Sin embargo, soy optimista por-
que lo importante de los Juegos Olímpicos no son sólo los estadios, ni la arquitectura, ni las infraestructuras, ni los beneficios, ni la mejora de las ciudades; ni siquiera las propias ciudades. En 2004 los Juegos Olímpicos regresarán a los cielos y al paisaje que los vio nacer, a la cultura y las gentes que los originaron, con todo lo ridículo y sentimental que esto pueda sonar. Los griegos, que son el pueblo más cínico de la tierra, no miran los Juegos con cinismo, más bien muestran una comprensión mucho más clara del evento: después de todo, la concepción de los estadios -por cierto, nunca cubiertos- es básicamente griega, siendo el mayor de todos, el de Olimpia, nada más que un terreno llano con unas piedras que marcaban la línea de salida y la de meta, más una corona de hojas de laurel para la cabeza del vencedor (un gesto que valdría la pena recuperar). Creo que esta idea del acontecimiento, el mayor de todos los que se celebran al aire libre en el país donde se hace más vida al aire libre -entre las montañas y el mar, con una combinación mágica de historia y monumentos-, es algo asumido por la mayoría de los griegos. Medidas de seguridad aparte, y sin pensar en desastres imprevisibles, creo que a todos nos gustaría celebrar unos Juegos más sencillos.
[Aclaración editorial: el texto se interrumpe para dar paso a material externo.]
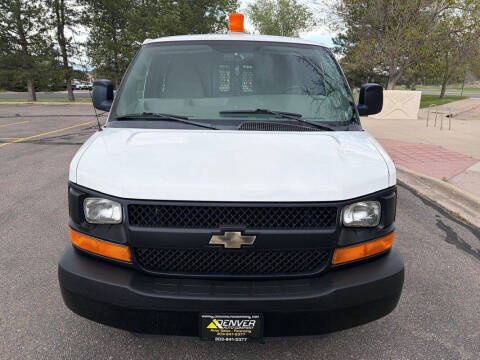 2012 Chevrolet Express 1500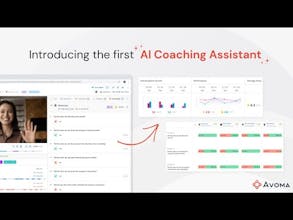 AI Coaching Assistant by Avoma gallery image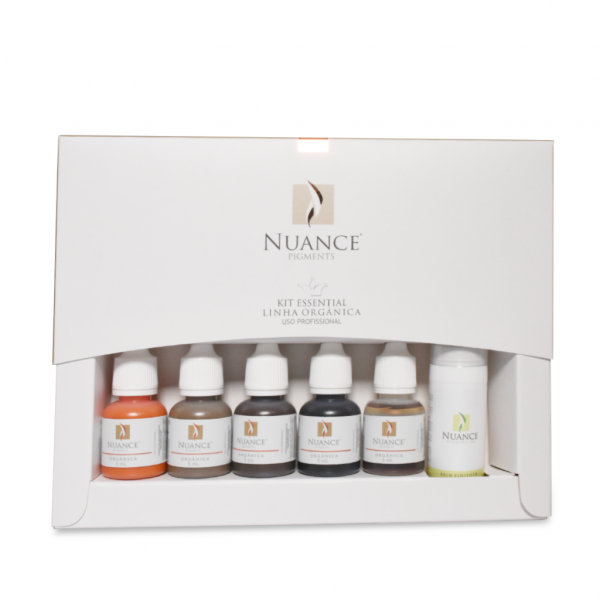 Kit Nuance Essential Organic 2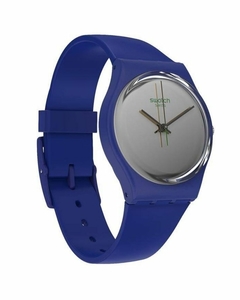 Reloj Swatch Unisex Coleccion 1983 So28n100 Silverwakati - comprar online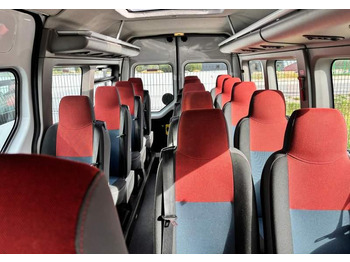 Xe bus mini, Xe van chở khách Renault Master 17 miejsc EURO 6 4 szt: hình 2
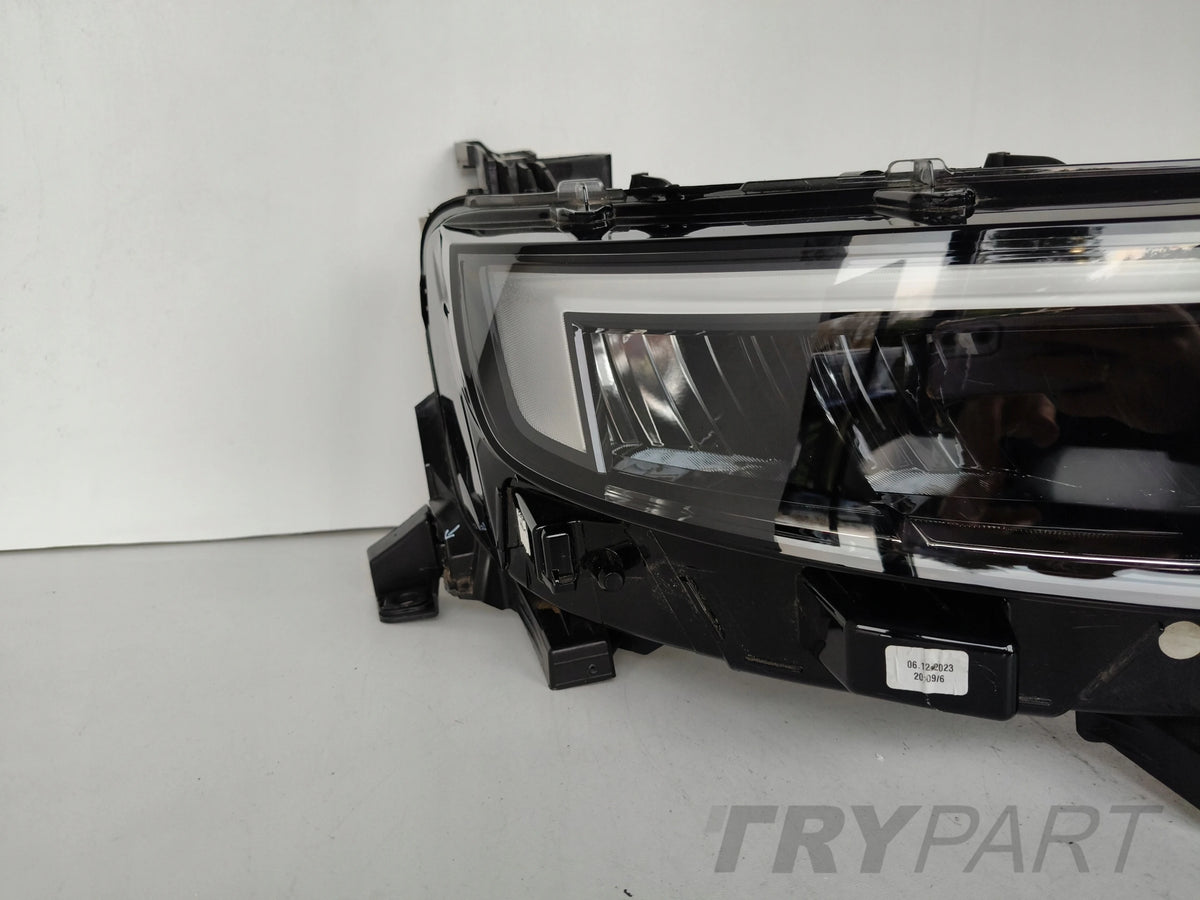 RIGHT HEADLIGHT LAMP OPEL MOKKA II B 20- FULL LED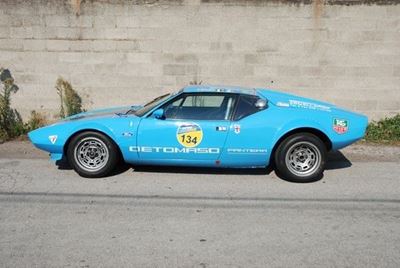 De Tomaso Pantera Gt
Al igual que en Barcelona 1992, los Juegos Olímpicos de 2004 tendrán lugar en toda la ciudad y en toda la región; Atenas y su entorno serán el escenario, lo que permitirá que las instalaciones permanentes queden integradas en el futuro desarrollo de la ciudad. Se han cometido muchos errores (algunos registrados en piedra, otros rectificados), pero entre la nube de polvo empiezan a perfilarse las facciones de lo que será la ciudad futura.
A pesar de la crisis económica que se anuncia tras los Juegos, se habrá materializado una red de infraestructuras completamente nueva, a una escala no alcanzada por ninguna otra ciudad olímpica. Ésta es la historia real. El resultado final arroja una transformación radical del paisaje griego y nuevas posibilidades, para bien o para mal. Y es a estos cambios a los que la arquitectura griega tendrá que responder con inteligencia, ya que por sí misma nunca podría haberlos desencadenado.